• _TASK DESCRIPTION_
Each line from the first line of the entries through the line holding "ORICO DUK-10P-DX 120W" is to be restated word for word; nothing else, and no picture, belongs in the answer.

• _Items from a dataset_
══════════

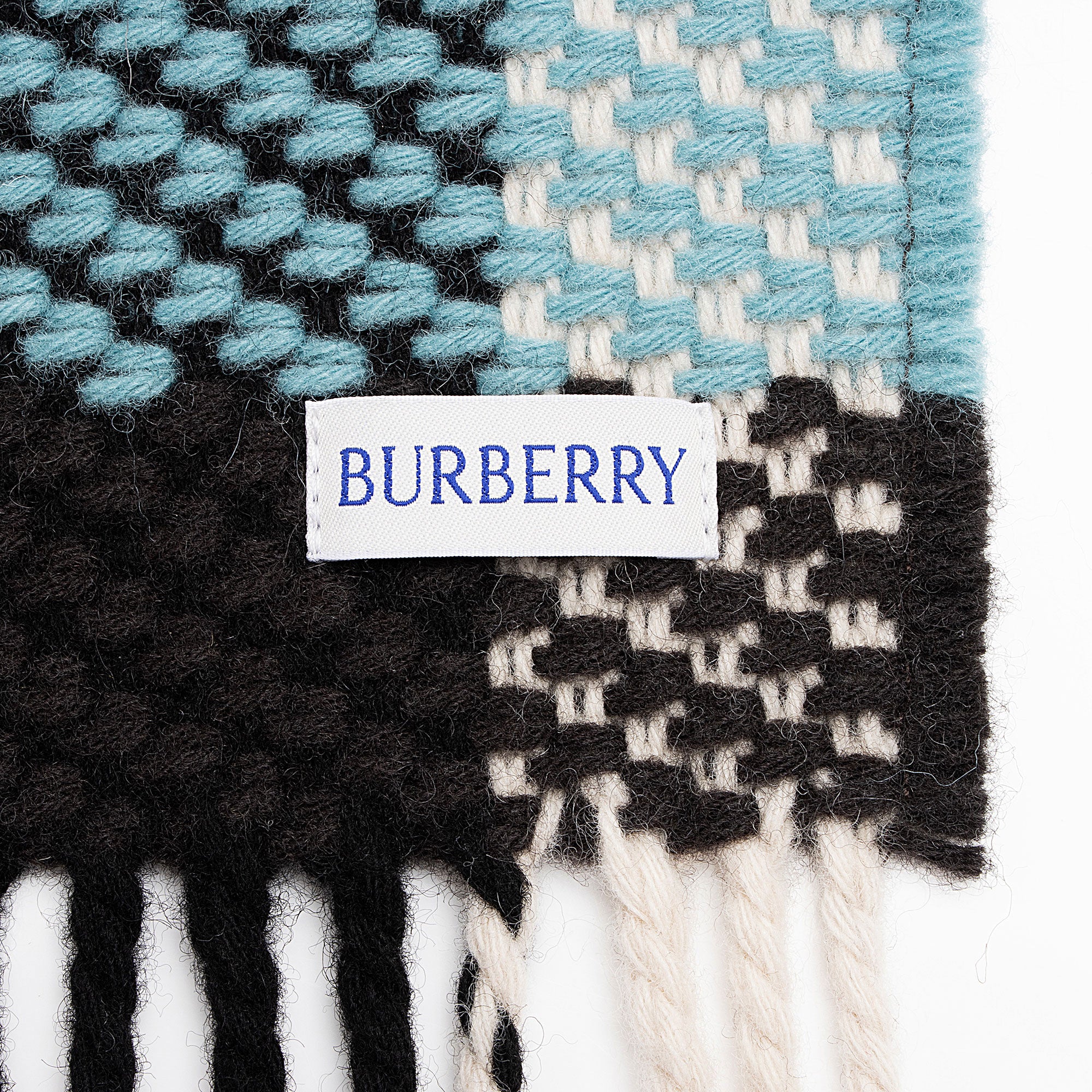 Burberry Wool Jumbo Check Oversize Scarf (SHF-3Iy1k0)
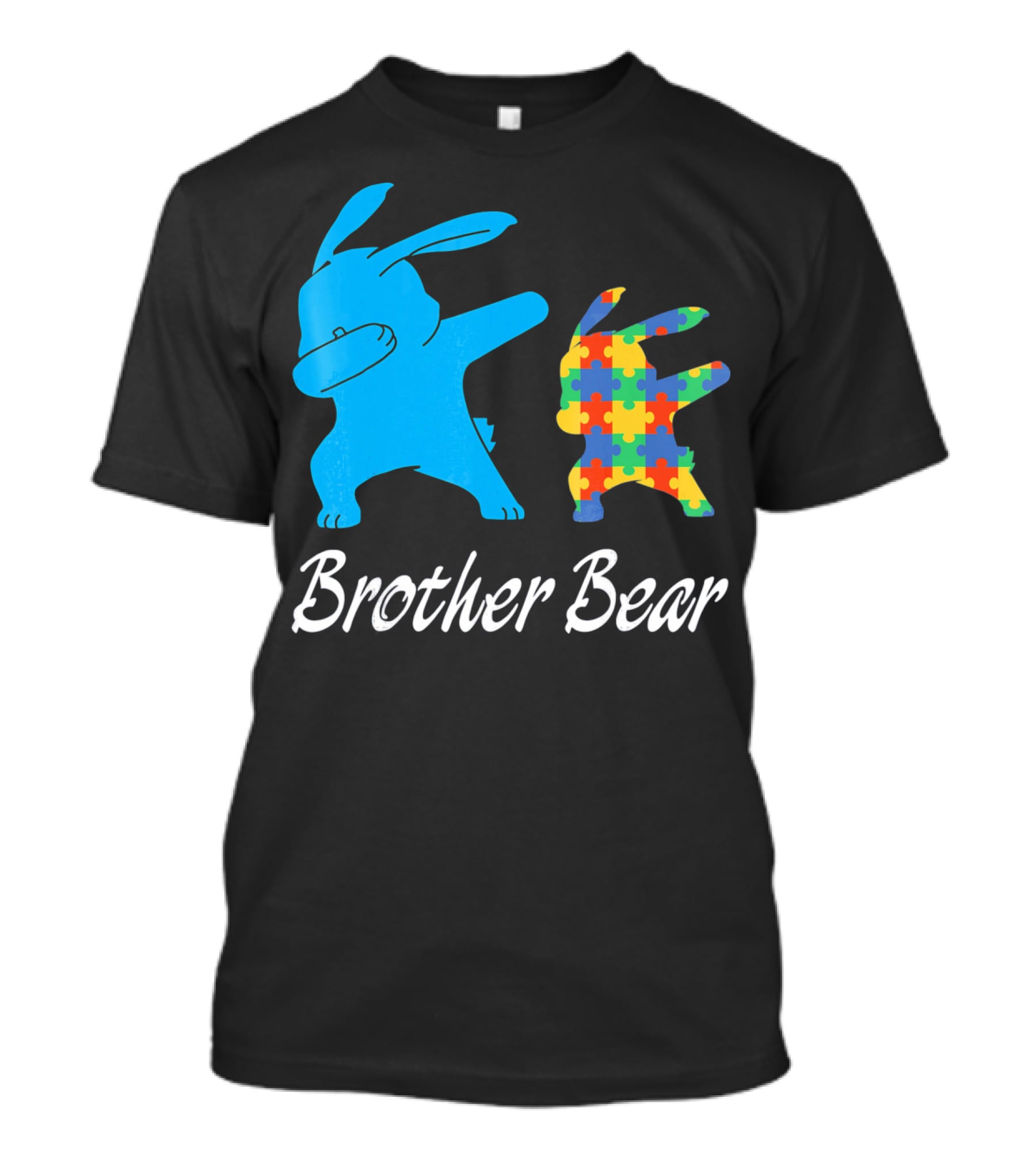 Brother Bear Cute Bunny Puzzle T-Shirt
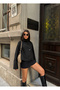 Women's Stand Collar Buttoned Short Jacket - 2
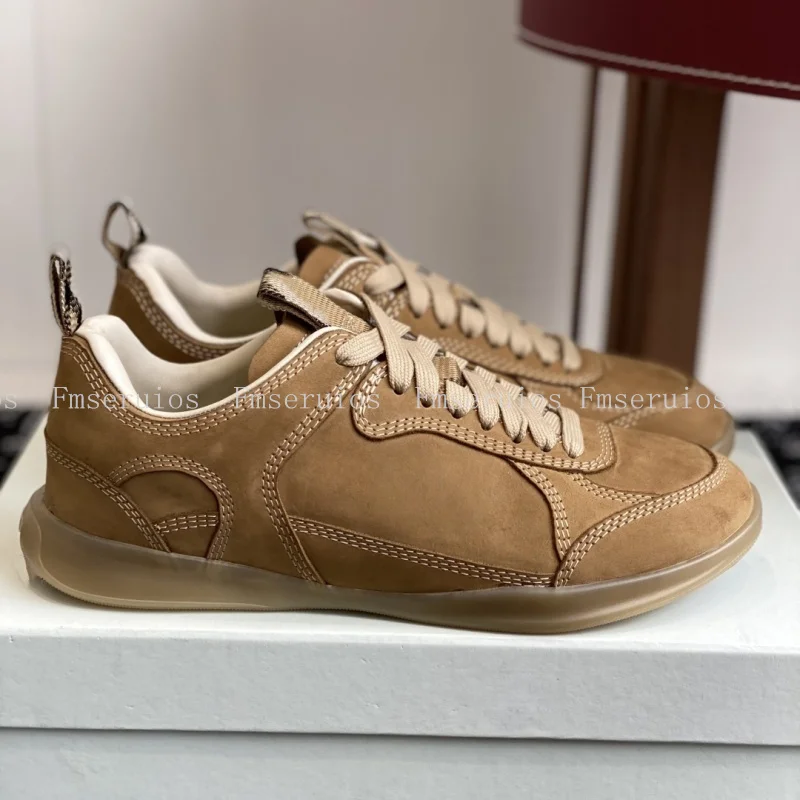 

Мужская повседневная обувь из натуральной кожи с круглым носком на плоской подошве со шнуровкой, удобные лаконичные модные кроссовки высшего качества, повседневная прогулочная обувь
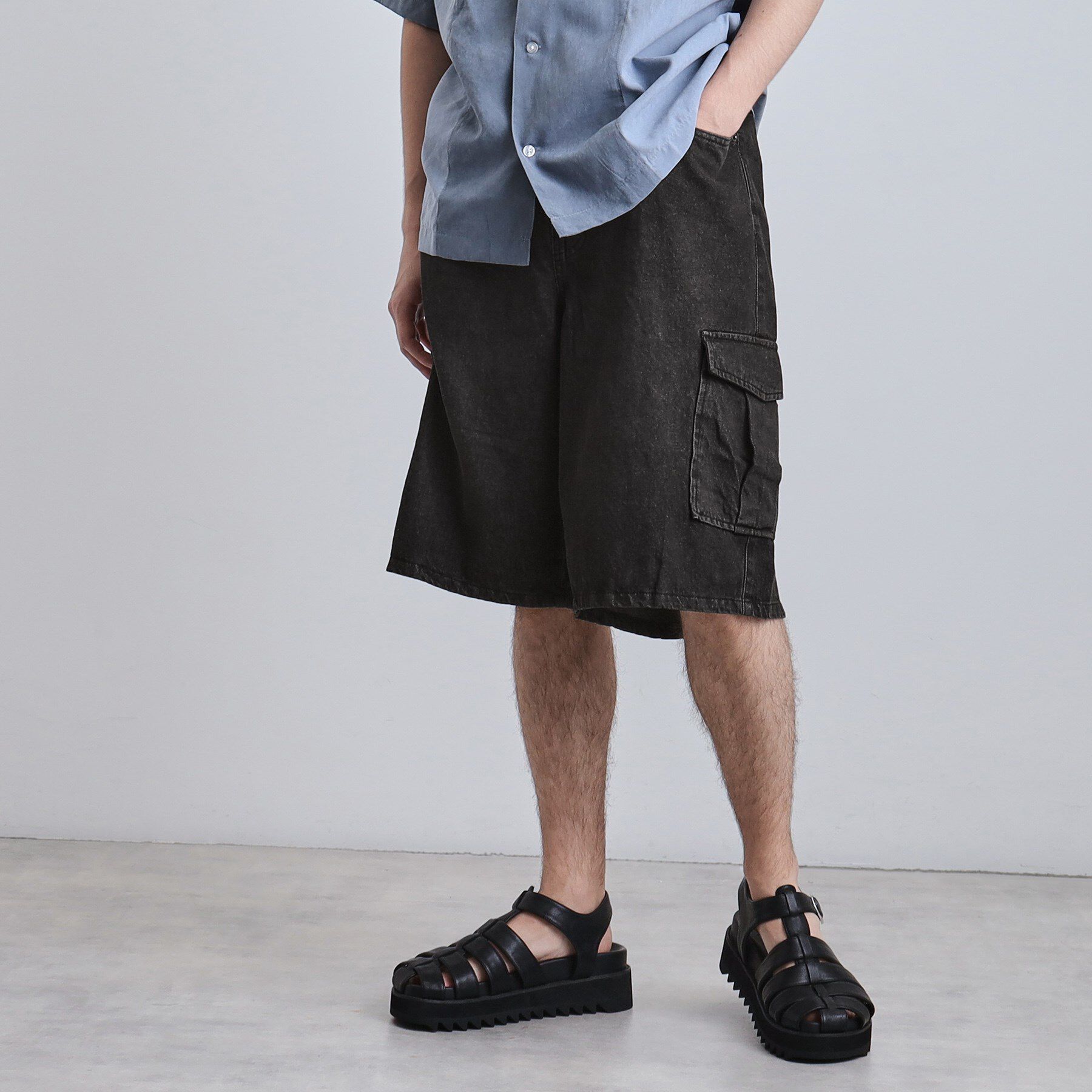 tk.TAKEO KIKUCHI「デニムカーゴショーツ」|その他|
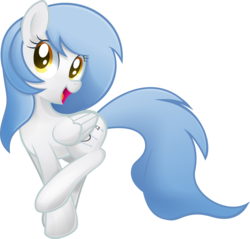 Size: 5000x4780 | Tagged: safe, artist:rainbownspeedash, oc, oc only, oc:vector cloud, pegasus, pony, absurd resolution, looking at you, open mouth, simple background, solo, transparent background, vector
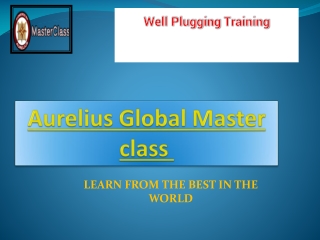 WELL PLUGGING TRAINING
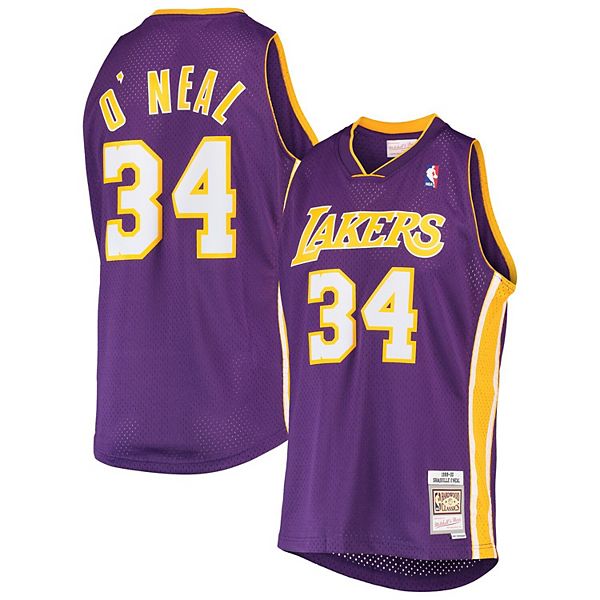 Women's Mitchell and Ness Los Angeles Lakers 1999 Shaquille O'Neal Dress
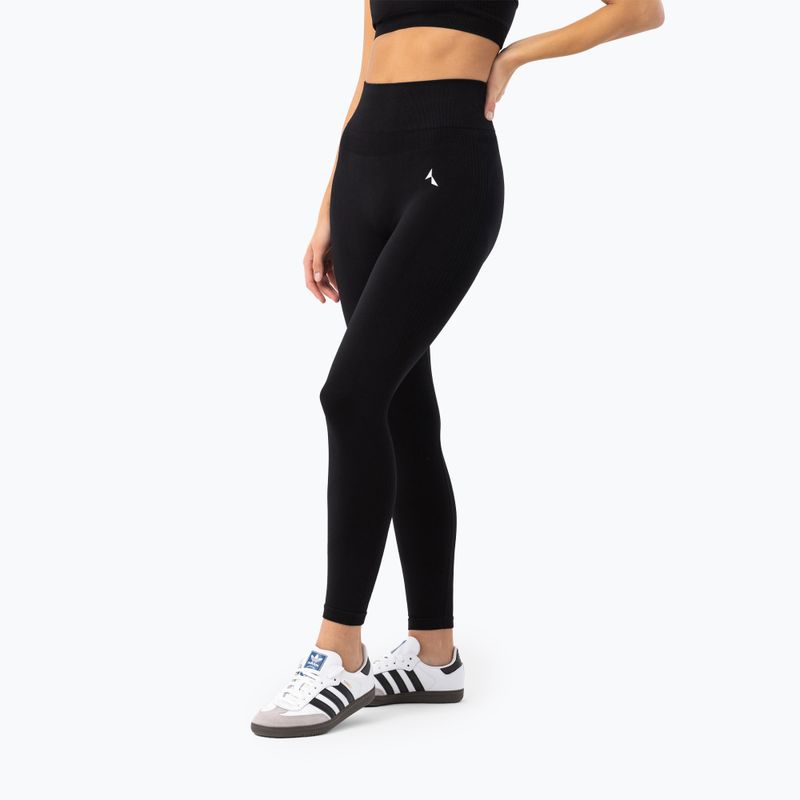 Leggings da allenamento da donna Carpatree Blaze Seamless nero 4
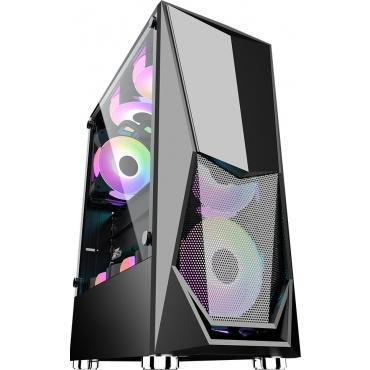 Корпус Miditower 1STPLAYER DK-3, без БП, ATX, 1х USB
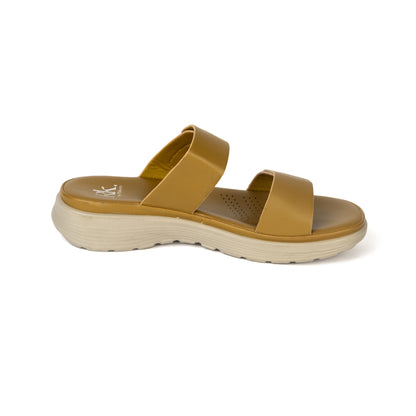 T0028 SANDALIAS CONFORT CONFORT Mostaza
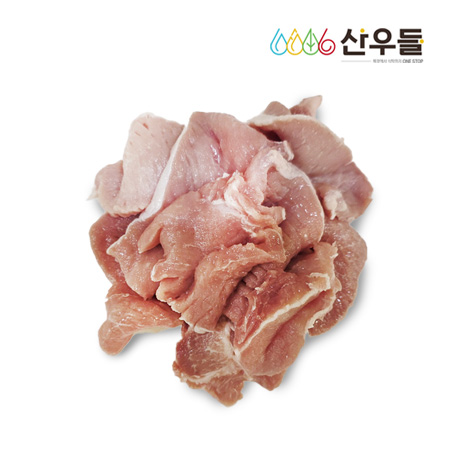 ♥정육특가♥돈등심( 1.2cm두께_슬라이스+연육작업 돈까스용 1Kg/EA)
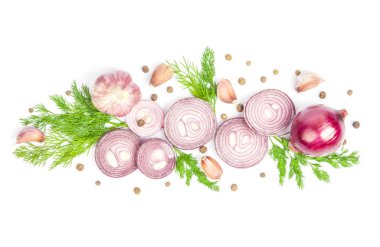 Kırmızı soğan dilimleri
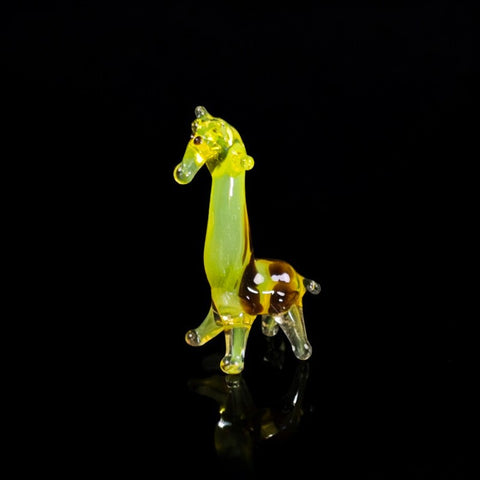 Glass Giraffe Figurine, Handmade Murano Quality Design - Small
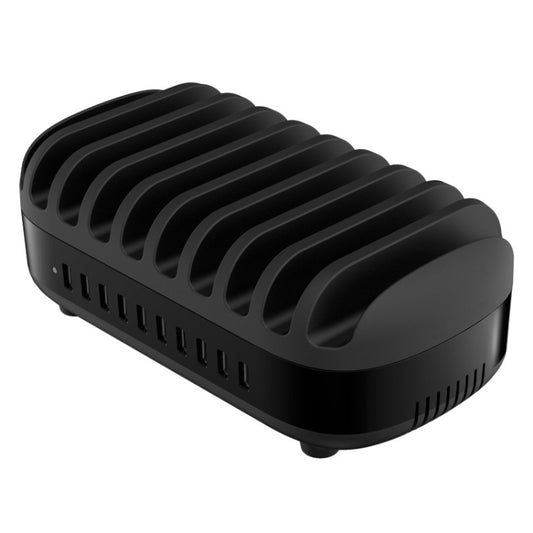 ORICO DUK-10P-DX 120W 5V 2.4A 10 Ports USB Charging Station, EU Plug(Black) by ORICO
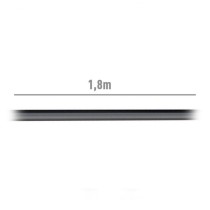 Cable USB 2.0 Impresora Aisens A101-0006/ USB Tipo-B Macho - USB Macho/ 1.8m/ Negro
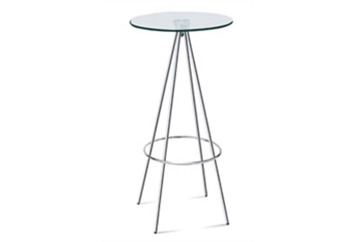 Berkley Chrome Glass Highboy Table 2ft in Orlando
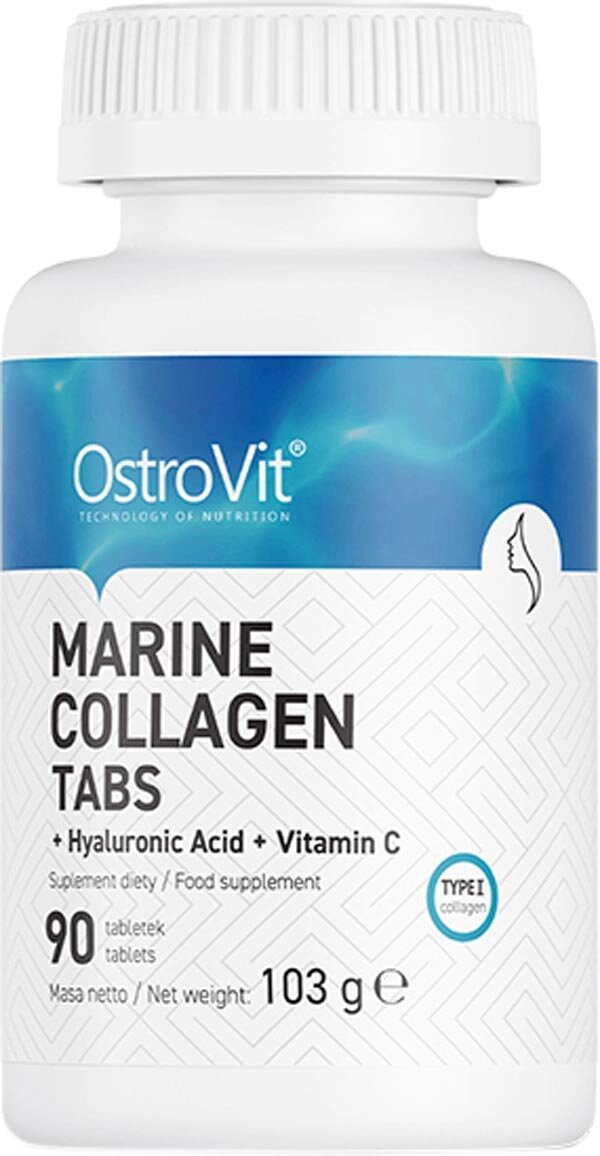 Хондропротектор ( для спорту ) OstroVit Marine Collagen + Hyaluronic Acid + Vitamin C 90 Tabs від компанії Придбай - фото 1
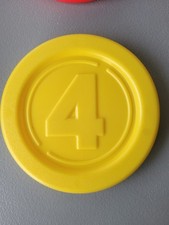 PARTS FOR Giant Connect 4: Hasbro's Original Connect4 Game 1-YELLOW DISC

══════════

• _RESPONSE AREA_
 Burberry Wool Jumbo Check Oversize Scarf (SHF-3Iy1k0)
 Brother Bear Cute Bunny Puzzle T-Shirt
 Women's Stand Collar Buttoned Short Jacket - 2

Мужская повседневная обувь из натуральной кожи с круглым носком на плоской подошве со шнуровкой, удобные лаконичные модные кроссовки высшего качества, повседневная прогулочная обувь
 tk.TAKEO KIKUCHI「デニムカーゴショーツ」|その他|
 Size: 5000x4780 | Tagged: safe, artist:rainbownspeedash, oc, oc only, oc:vector cloud, pegasus, pony, absurd resolution, looking at you, open mouth, simple background, solo, transparent background, vector
 WELL PLUGGING TRAINING
 Women's Mitchell and Ness Los Angeles Lakers 1999 Shaquille O'Neal Dress
 Leggings da allenamento da donna Carpatree Blaze Seamless nero 4
 Корпус Miditower 1STPLAYER DK-3, без БП, ATX, 1х USB
 T0028 SANDALIAS CONFORT CONFORT Mostaza
 ♥정육특가♥돈등심( 1.2cm두께_슬라이스+연육작업 돈까스용 1Kg/EA)
 Kırmızı soğan dilimleri
 Glass Giraffe Figurine, Handmade Murano Quality Design - Small
 ORICO DUK-10P-DX 120W 5V 2.4A 10 Ports USB Charging Station, EU Plug(Black) by ORICO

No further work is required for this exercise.